К середине двадцатых уточняются и цели исследователей ГАХН: они должны коррелироваться с идеей создания «нового» человека. Для этого полезным было бы описать наличный «исходный материал».
Ученые задаются вопросами: родился «новый зритель» или нет. Если да – то какие черты и свойства для него характерны? И как его нащупать, выделить, изучить? Нужно ли его завоевывать и образовывать – либо попытаться понять, что, собственно, он хочет видеть на сцене театра, то есть его запросы, и – подчиниться им.
Итак, в исследовательской пробирке пытаются выделить химически чистого «нового зрителя». В первую очередь изучению подлежит «командующий класс» (Сахновский) – зритель рабочий. Известно, что он недостаточно компетентен, чтобы разобраться в игре актеров, режиссуре и прочем. «Устройство сцены не совсем удобное, – сообщает простодушный зритель, отвечая на вопросы анкеты театра Мейерхольда, – если артистам приходится забираться в ложи для зрителей. <…> Предлагаю сократить декорации…» [487] Не понимая, что актерские выходы в зал – нарочитый режиссерский прием, а не способ избежать «тесноты», он полагает, что попросту зал маловат и надо бы его расширить.
487
См.: Загорский М. Б. Театр и зритель эпохи революции // О театре. Тверь, 1922. С. 111.

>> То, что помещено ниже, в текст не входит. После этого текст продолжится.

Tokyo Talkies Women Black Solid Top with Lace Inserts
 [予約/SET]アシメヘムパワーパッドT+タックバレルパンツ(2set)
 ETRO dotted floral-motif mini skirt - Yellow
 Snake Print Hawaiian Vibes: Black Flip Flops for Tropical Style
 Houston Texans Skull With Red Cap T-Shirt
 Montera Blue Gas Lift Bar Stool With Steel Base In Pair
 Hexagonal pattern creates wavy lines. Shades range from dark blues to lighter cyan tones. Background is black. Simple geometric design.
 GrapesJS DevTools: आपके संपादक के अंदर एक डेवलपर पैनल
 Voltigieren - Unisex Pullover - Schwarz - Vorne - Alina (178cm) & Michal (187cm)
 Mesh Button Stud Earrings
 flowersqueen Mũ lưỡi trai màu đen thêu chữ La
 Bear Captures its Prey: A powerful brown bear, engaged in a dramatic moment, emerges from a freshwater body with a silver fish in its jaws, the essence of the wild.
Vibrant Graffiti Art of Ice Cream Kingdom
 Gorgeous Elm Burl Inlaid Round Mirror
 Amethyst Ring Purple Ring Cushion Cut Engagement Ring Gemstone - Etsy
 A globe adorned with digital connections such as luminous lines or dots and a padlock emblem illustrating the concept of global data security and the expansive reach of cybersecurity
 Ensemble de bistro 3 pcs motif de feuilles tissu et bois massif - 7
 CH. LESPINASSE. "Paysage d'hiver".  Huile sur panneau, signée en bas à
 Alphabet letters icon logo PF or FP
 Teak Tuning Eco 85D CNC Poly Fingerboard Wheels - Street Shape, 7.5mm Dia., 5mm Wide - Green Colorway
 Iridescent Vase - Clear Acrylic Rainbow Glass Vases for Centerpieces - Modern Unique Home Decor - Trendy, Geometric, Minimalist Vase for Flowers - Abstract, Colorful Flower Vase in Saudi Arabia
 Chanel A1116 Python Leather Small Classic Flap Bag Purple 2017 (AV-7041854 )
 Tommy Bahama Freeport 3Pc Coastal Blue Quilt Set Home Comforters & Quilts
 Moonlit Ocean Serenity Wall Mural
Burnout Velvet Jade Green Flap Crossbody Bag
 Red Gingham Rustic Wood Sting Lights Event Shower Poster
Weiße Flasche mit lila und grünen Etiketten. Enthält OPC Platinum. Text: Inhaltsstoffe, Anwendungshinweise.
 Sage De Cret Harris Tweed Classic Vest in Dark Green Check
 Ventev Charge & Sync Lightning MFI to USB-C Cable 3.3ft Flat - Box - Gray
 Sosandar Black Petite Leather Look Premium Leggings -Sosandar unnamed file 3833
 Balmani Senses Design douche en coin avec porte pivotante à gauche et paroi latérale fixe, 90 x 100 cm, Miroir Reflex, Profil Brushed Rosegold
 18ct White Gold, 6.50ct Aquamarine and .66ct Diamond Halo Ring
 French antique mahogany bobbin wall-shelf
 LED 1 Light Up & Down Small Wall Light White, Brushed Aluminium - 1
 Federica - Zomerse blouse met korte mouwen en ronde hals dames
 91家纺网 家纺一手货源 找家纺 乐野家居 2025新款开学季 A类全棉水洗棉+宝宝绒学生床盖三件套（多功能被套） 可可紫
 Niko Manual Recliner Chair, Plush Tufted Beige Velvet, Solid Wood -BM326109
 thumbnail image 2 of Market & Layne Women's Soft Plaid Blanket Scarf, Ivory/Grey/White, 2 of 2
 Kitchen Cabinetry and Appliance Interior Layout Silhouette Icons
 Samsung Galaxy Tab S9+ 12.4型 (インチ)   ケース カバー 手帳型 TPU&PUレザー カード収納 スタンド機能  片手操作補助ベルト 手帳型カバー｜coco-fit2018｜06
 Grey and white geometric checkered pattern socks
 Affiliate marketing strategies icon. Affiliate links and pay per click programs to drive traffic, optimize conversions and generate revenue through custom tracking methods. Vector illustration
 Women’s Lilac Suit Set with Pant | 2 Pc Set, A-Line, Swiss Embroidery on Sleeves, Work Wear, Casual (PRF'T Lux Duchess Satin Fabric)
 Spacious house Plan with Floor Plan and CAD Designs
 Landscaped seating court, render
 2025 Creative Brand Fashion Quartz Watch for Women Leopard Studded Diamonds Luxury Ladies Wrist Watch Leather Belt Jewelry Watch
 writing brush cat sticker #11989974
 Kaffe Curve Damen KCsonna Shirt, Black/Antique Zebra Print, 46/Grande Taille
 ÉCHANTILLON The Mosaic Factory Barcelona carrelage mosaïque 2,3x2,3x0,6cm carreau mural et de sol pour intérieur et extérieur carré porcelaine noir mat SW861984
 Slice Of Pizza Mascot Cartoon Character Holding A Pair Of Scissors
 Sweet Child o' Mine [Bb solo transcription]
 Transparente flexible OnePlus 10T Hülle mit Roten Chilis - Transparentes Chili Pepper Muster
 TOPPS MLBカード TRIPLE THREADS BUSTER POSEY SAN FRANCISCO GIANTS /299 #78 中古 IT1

Востребованность театра менялась едва ли не по месяцам. Исследователи отмечают бурный рост драмтеатров в 1921–1922 годах и катастрофическое падение уже в следующем сезоне [488] .
После взлета массового интереса к сценическому зрелищу публика отхлынула от театра. Немирович-Данченко тревожится: «Интерес к театрам в Москве неудержимо падает. Публика – везде пестрая, случайная, не имеющая никакой физиономии. <…> Дела театральные вообще стремительно летят в пропасть. Иногда думается, что катастрофа уже наступила, что „хороший“ театр – уже навсегда исчезнувшее прошлое, как это в Америке, в Англии, а, пожалуй, и во Франции <…> Интерес к театрам пал совсем. Публики нет, и она не собирается формироваться. Есть много богатых, способных наполнить Большой театр на юбилей Собинова [489] <…> Хорошие [сборы] – в цирке. И переполнены, по 3 сеанса <…> в синематографах. <…> Боюсь, что тут нет ничего, что пробило бы все плотнеющую толщу равнодушия, которое облегает публику. Ей надо или яркое, шумное, обжигающее. Или —? – очень глубокое по высшему мастерству. Может быть!» [490]
488
Могилевский А. И. Московские театры в цифрах // Могилевский А. И., Филиппов В. А., Родионов А. М. Театры Москвы. 1917–1927. М.: ГАХН, 1928. Теасекция. Вып. 4. С. 8.
489
Собинов Леонид Витальевич (1872–1934), русский оперный певец, с 1897 по 1917 год – солист Императорских театров.
490
Немирович-Данченко В. И. Творческое наследие… Т. 3. Письма. С. 16–18.